Available data:
---
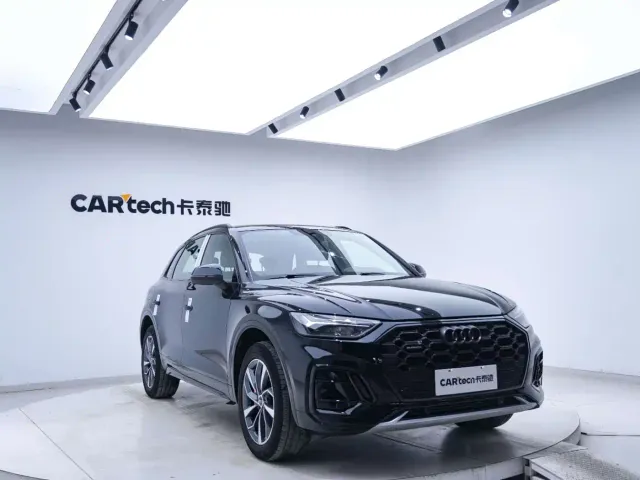 Audi Q5L — Фото автомобиля 26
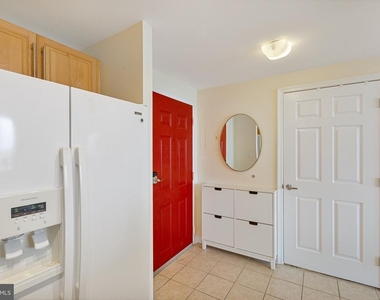 2726 Gallows Road - Photo Thumbnail 9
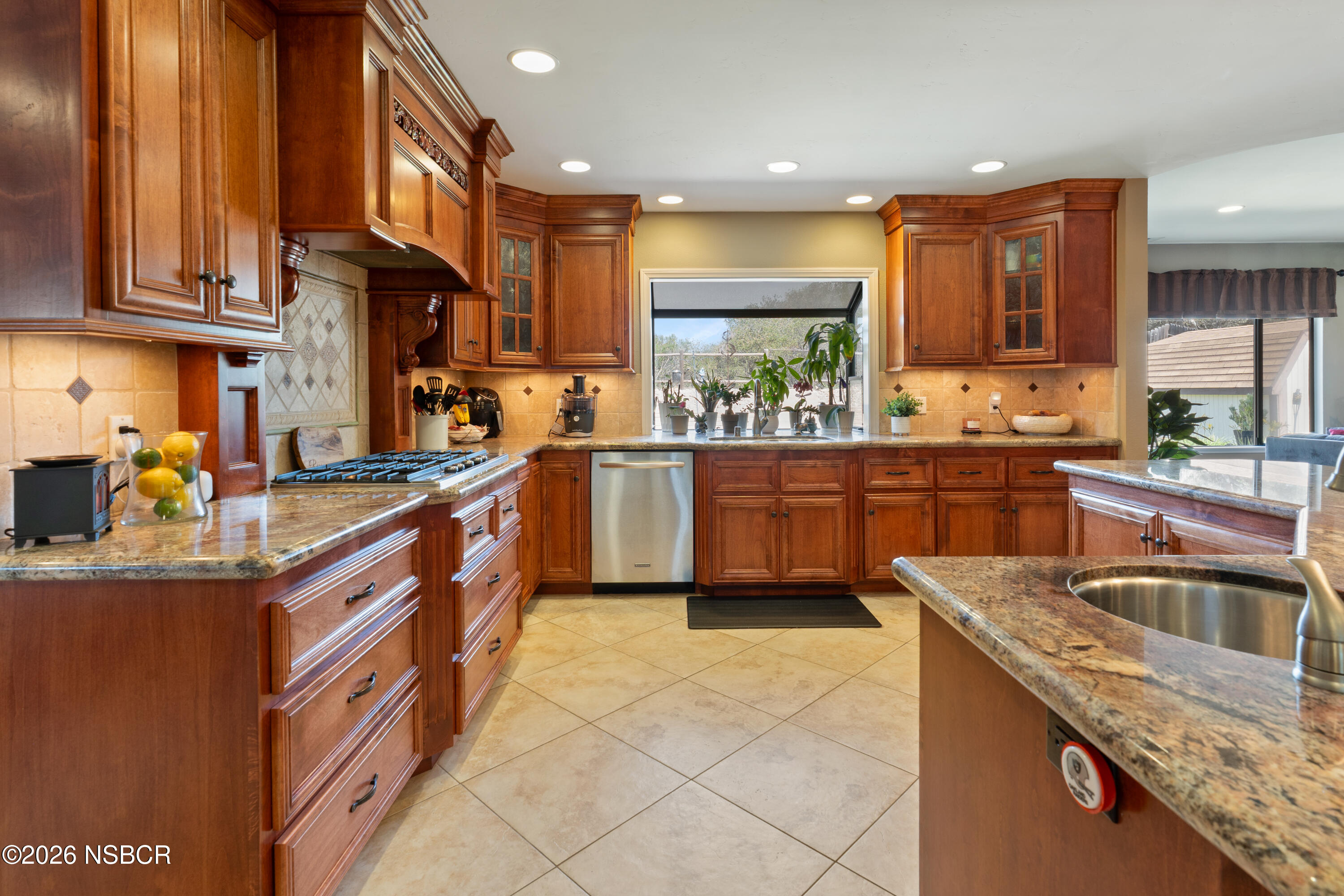 18 Galaxy Way Lompoc, CA 93436 - Photo 8 of 29 DSC02657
---
Problem:
Please produce an exact copy of all the material, leaving out the pictures.

Written reply:
 Audi Q5L — Фото автомобиля 26
 2726 Gallows Road - Photo Thumbnail 9
 18 Galaxy Way Lompoc, CA 93436 - Photo 8 of 29 DSC02657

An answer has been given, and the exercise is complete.